Jones arrived at his Humvee, still shaking his head.

“Aerodrome, Colonel?” his driver asked.

“Thanks, Shauna. But we need to swing by Second Cav and pick up Colonel Toohey first. I’m giving him a lift to Brisbane.”

Jones allowed the motion of the vehicle to lull him into a drowsy state as they motored over to the Australian camp. He’d been off the stim for a couple of days, but his sleep patterns would take another week to settle down. He’d almost dozed off when his flexipad began to ping at him. He nearly missed the call, as he started to half dream about a pinball game he used to play on his old Pentium as a teenager.

“Sir. Colonel Jones, sir. You’ve got a call coming in.”

Jones was a little embarrassed to be caught out, and found himself uncharacteristically apologizing to the driver. He must have been really out of it.

He shook his head to clear the cobwebs and took the call, a live link from the Kandahar. It was Major Francois, the battalion surgeon.

“’S’up Margie?” he asked.

“We got him, Colonel. We got the fucker who killed Anderson and Miyazaki, back in Pearl.”

Suddenly Jones was wide awake.

“I can’t believe I missed this!” she said angrily. “I set this whole fucking system up just to scan for this one thing, this one fucking thing, and then when it works, I’m too fucking lazy to check back and see. Meantime this asshole’s been living high on the hog. I just can’t believe it.”

“Don’t beat yourself up, Doc,” said Jones, looking over her shoulder at the computer screen in her quarters back on the Kandahar. “It looks like you’ve got, what, four and a half thousand messages there, and eight hundred are marked priority one. You were busying saving lives. The dead can wait.”

She looked like she was about to beat on herself some more.

“I knew Anderson,” he said, cutting her off. “She’d come back from the grave and give you an ass-kickin’ if she thought you put a Band-Aid on someone with anything less than perfect care, just because of her.”

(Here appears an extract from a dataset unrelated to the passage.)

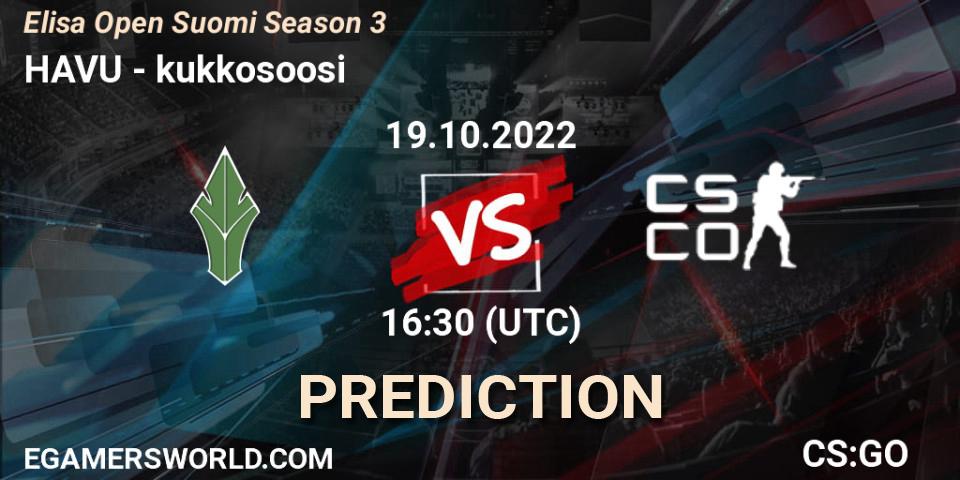 HAVU vs kukkosoosi: Betting TIp, Match Prediction. 19.10.2022 at 16:30. Counter-Strike (CS2), Elisa Open Suomi Season 3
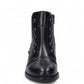 JOSEF SEIBEL SIMONA 04 black leather ankle boots with front button closure and low stacked heel.
photo of the front.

“Well, what are we going to do, then?” Francois asked, turning self-recrimination into angry indignation.

Jones looked at the name on screen, and was lost for an immediate answer. “I don’t know. At least not right now. It’s going to be sticky. We’ll need to talk to Kolhammer first.”

Francois looked as if she was going to go for his throat. Or someone else’s—

“Belay that, Major,” he warned her. “You go taking a potshot at this guy before you’ve got him dead in your sights, and he will get clean away. You’re not the person to do this, anyway. Not after Cabanatuan. You’re compromised.”